TASK ITEM: Take the lines below beginning at the line that has "Women's short-sleeved V-neck" and stopping after the line that has "EFX Sports Karbolyn", and print them exactly as they are, with no other lines.
----- GIVEN RECORDS -----
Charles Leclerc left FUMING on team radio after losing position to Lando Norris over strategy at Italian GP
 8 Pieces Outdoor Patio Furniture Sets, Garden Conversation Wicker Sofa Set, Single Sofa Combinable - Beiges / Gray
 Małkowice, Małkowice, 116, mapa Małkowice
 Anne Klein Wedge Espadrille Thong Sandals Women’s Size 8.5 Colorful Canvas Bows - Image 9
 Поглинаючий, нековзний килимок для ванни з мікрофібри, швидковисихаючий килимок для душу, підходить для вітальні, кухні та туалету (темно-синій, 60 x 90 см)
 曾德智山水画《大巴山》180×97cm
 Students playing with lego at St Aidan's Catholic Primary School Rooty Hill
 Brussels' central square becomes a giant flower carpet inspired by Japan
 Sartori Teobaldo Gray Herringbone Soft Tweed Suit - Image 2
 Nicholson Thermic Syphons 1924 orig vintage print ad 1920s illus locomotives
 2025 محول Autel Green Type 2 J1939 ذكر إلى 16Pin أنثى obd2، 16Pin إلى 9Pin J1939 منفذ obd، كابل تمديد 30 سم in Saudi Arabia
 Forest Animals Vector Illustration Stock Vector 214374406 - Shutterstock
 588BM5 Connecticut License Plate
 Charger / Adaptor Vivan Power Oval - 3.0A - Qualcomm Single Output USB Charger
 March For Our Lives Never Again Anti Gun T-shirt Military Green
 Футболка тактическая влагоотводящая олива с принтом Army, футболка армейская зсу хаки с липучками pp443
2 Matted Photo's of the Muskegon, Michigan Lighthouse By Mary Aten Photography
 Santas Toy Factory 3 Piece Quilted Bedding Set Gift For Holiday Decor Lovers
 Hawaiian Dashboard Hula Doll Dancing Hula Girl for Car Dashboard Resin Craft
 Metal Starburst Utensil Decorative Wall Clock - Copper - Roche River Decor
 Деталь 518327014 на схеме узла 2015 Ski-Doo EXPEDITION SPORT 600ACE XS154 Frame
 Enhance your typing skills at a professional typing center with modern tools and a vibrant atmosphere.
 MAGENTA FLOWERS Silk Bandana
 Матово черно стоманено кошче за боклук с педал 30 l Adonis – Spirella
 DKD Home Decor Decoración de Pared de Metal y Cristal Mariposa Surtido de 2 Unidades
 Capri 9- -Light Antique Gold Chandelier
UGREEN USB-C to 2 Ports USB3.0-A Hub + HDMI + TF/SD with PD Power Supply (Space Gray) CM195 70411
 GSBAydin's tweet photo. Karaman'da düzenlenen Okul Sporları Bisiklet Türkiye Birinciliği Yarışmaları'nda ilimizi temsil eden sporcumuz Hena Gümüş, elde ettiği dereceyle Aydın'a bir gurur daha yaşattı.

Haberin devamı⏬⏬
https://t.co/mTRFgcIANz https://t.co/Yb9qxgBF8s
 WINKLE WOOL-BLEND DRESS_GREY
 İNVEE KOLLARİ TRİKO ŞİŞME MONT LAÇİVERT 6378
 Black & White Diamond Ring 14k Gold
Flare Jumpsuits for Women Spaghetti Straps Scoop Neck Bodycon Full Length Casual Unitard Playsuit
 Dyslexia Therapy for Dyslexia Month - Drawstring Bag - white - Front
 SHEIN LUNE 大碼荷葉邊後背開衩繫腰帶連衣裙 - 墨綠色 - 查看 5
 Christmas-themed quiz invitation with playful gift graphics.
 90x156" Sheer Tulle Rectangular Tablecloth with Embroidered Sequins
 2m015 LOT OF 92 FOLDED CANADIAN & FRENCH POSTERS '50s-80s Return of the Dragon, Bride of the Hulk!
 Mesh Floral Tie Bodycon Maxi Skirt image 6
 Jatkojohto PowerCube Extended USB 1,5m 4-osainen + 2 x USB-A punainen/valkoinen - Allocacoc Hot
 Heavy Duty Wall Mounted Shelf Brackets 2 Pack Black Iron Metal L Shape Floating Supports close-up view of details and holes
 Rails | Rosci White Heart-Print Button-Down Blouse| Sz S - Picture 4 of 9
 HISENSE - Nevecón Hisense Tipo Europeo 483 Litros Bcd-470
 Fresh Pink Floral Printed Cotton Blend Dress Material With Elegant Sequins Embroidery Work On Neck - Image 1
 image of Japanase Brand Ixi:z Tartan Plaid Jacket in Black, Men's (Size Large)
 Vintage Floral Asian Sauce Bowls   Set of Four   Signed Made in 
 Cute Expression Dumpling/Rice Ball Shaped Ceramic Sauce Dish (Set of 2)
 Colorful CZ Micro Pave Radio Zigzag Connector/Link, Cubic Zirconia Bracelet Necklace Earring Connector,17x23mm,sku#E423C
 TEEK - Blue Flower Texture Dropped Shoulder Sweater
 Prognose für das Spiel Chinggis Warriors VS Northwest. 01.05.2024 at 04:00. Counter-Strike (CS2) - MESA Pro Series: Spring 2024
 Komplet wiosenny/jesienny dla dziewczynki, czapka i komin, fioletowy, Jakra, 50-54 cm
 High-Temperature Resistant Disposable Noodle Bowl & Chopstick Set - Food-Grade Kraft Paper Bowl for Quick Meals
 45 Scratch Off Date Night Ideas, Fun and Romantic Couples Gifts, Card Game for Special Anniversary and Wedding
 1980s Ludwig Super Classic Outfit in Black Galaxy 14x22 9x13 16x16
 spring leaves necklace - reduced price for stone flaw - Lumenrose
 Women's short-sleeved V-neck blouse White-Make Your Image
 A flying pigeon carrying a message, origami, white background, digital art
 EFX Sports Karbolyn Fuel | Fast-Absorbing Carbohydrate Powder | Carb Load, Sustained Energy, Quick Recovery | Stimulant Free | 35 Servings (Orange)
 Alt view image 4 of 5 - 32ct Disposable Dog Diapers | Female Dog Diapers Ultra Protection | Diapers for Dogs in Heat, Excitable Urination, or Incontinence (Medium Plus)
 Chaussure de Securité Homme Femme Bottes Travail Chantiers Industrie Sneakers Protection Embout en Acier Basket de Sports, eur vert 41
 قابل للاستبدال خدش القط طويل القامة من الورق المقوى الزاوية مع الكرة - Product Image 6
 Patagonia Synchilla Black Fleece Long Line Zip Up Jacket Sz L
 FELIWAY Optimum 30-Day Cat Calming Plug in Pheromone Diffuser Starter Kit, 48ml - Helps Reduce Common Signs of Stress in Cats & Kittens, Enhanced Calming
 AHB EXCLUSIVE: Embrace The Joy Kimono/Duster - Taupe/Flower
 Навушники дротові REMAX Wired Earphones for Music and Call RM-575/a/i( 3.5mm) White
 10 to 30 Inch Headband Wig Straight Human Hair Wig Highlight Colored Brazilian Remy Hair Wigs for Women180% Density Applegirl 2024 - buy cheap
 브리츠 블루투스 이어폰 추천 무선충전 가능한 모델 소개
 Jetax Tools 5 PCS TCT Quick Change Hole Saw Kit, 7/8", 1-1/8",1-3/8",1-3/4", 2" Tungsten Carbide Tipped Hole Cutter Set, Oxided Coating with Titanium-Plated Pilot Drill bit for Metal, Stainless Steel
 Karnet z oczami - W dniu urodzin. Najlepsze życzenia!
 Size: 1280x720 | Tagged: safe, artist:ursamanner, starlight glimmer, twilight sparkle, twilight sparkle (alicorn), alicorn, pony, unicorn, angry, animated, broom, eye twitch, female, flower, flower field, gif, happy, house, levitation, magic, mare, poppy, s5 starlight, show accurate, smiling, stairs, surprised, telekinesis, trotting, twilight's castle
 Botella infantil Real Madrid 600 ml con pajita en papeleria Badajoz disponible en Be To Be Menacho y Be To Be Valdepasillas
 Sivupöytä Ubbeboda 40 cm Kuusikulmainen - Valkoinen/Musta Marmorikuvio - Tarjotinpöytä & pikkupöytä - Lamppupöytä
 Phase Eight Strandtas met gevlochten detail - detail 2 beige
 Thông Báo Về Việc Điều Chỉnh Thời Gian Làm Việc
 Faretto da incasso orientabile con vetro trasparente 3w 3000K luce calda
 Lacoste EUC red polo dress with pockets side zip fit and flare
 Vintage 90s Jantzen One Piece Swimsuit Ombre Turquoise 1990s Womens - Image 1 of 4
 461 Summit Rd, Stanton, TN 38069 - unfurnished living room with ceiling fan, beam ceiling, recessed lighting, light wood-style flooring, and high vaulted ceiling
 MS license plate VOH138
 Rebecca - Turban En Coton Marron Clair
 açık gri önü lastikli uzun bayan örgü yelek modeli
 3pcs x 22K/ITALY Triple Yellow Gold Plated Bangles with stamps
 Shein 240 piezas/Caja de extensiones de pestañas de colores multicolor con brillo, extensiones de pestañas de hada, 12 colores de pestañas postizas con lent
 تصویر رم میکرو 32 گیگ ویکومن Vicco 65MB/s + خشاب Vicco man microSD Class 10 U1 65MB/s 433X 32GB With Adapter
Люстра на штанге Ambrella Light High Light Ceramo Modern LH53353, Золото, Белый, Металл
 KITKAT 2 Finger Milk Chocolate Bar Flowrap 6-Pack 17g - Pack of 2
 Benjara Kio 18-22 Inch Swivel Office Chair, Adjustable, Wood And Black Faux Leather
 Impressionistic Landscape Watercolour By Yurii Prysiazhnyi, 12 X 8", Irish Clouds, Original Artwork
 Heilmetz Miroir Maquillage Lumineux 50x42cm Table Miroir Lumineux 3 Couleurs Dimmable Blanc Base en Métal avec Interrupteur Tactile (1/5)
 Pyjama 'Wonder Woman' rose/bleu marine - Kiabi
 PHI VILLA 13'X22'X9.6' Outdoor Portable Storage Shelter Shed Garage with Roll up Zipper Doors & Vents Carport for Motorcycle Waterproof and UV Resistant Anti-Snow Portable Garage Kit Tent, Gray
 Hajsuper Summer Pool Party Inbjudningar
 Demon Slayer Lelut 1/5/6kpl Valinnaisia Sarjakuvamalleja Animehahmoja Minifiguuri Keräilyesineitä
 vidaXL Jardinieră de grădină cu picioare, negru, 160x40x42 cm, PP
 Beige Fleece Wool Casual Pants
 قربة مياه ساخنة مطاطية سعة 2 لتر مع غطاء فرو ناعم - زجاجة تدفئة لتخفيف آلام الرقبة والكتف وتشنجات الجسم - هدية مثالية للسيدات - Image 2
-----
WRITTEN RESPONSE:
 Women's short-sleeved V-neck blouse White-Make Your Image
 A flying pigeon carrying a message, origami, white background, digital art
 EFX Sports Karbolyn Fuel | Fast-Absorbing Carbohydrate Powder | Carb Load, Sustained Energy, Quick Recovery | Stimulant Free | 35 Servings (Orange)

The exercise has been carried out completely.